Many of the Squad's plans to destroy Superman use psychological warfare, including red kryptonite-induced nightmares, hypnotising Superman into committing destructive acts, and tricking Superman into revealing his secret identity. They transferred the intelligence of a Superman robot into a super-powered body, making him Wonder Man, and hoping he would destroy Superman with some kryptonite that he was given and to which he was invulnerable. He later realized their plot and, with Superman, threw the ship with such force it would take years for the two members to break free, but Wonder Man then told Superman that his body would soon die. Once they lured Superman into following them to 1,000,000 AD, where he lost his powers and was trapped on the Earth, due to the Sun having turned red by then. He used a miniature Kandorian rocket left in his Fortress of Solitude, after shrinking himself with red kryptonite, to travel back to his own time.

In their earliest appearances, the Squad members appeared hooded to keep their identities secret. Later versions of the Squad wear modified versions of Superman's costume, with the Superman logo made of kryptonite and their heads shaved bald in tribute to Lex Luthor.

=== Post-Crisis on Infinite Earths ===
In Adventures of Superman #543 (February 1997), a new version of the Revenge Squad is introduced. The new Squad is established by Morgan Edge, who assembles various characters with a grudge against Superman and attempts to frame Lex Luthor as their leader. Its members include Maxima, Barrage, Riot, Misa, and Anomaly.

In Action Comics #736 (August 1997), Edge assembles another version of the team, consisting of Barrage, Parasite, Rock, and Baud.

In the "Last Son" storyline, Lex Luthor constructs a new team, which Superman joins to battle General Zod.
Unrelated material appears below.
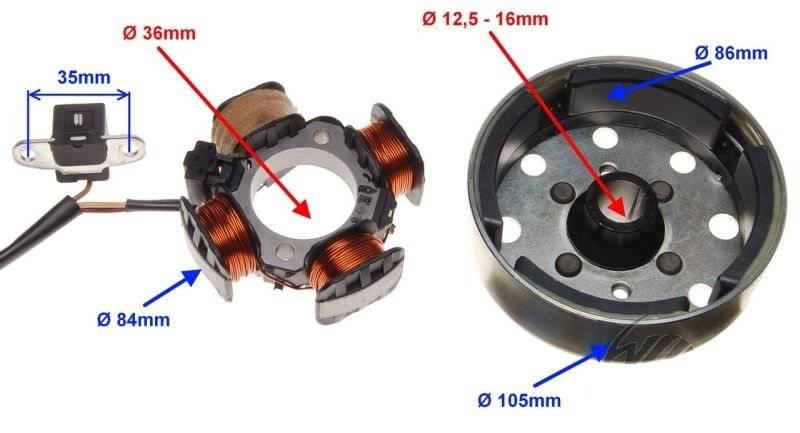 Stator iskrownik 4 cewki koło magnesowe | AI22519 - zdjęcie 2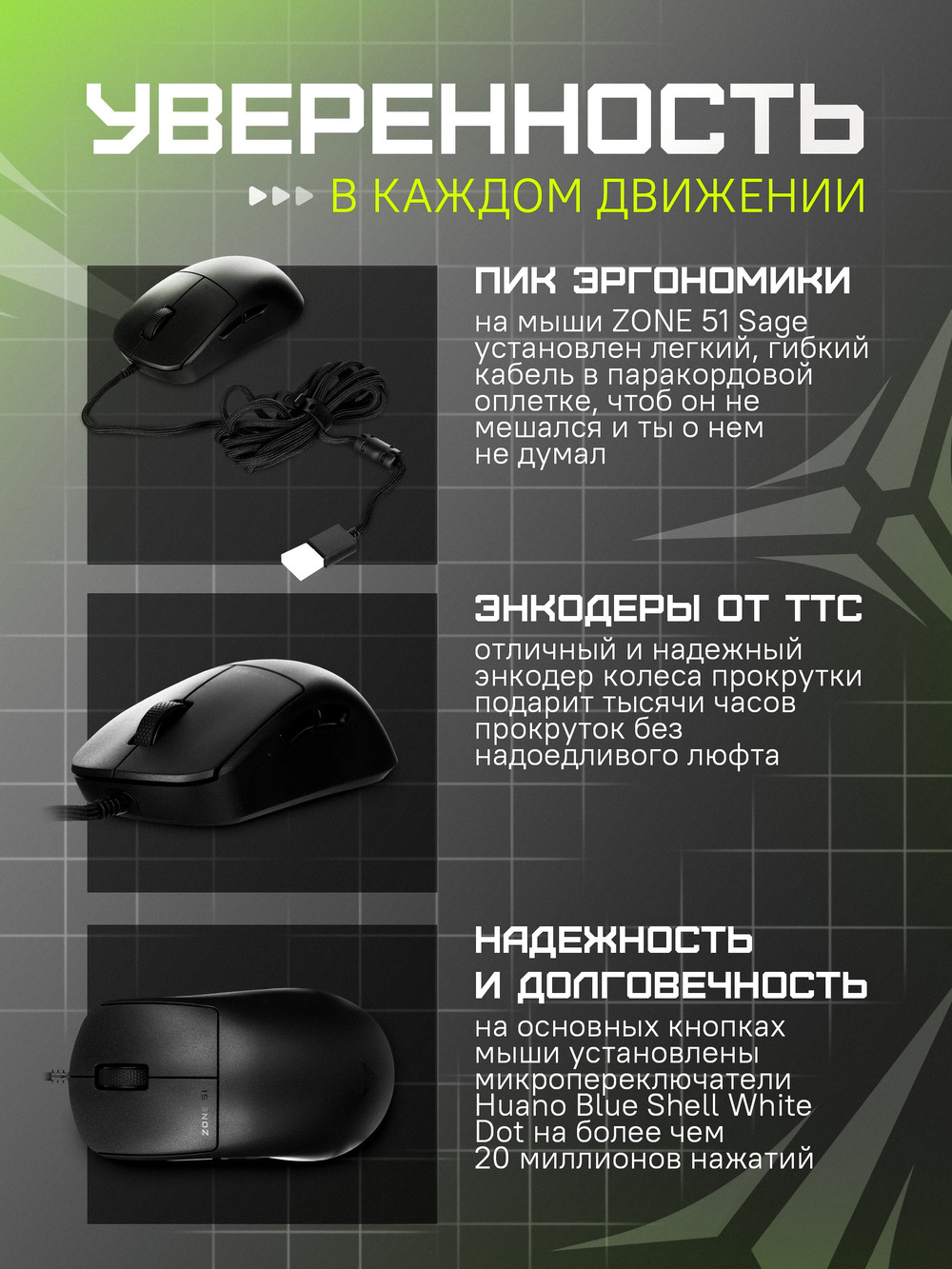 уверенность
The Revenge Squad consists of Metallo, Parasite, and Bizarro.

==== DC Rebirth ====
A new incarnation of the Superman Revenge Squad appears in The New 52 continuity reboot, founded by Cyborg Superman and the Eradicator and consisting of Blanque, Metallo, Mongul, and General Zod.

==Other versions==
- A Batman Revenge Squad appears in World's Finest Comics #175 (May 1968), consisting of Cash Carew, Barney the Blast, and the Flamethrower.
- An "Ambush Bug Revenge Squad", consisting of fans of the eponymous hero who want him destroyed, appear in Ambush Bug: Year None #4 (December 2008).
- A "Cyborg Revenge Squad" appears in DC Special: Cyborg #6 (December 2008), formed by Elias Orr and Cyborg 2.0 and consisting of Shrapnel, Gizmo, Magenta, Girder, the Thinker, and Cyborgirl.
- A Spider-Man Revenge Squad appears in Marvel Comics' The Spectacular Spider-Man (1976), consisting of lesser-known Spider-Man villains such as the Spot, Kangaroo, Gibbon, and Grizzly.

==In other media==
- The Superman Revenge Squad appears in the Justice League episode "Hereafter", consisting of Metallo, Kalibak, Livewire, Weather Wizard, and Toyman.
- The Superman Revenge Squad appears in Superman 64, consisting of Lex Luthor, Darkseid, Parasite, Brainiac, Metallo, and Mala.
- The Superman Revenge Squad's name was adopted by Nosferatu D2 frontman Ben Parker for his solo recordings.